> _RECORDS PROVIDED_
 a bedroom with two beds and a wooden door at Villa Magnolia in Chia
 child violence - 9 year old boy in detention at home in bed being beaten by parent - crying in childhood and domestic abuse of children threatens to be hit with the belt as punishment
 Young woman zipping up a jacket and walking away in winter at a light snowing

==

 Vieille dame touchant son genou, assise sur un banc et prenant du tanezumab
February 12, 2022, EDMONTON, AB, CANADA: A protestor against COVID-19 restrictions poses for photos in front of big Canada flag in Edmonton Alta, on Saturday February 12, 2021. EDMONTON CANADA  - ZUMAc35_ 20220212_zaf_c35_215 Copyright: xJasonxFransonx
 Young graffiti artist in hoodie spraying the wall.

> _TASK OBJECTIVE_
Look for the string "with" in the records, and copy every line where it is found.

> _ANSWER SECTION_
 a bedroom with two beds and a wooden door at Villa Magnolia in Chia
 child violence - 9 year old boy in detention at home in bed being beaten by parent - crying in childhood and domestic abuse of children threatens to be hit with the belt as punishment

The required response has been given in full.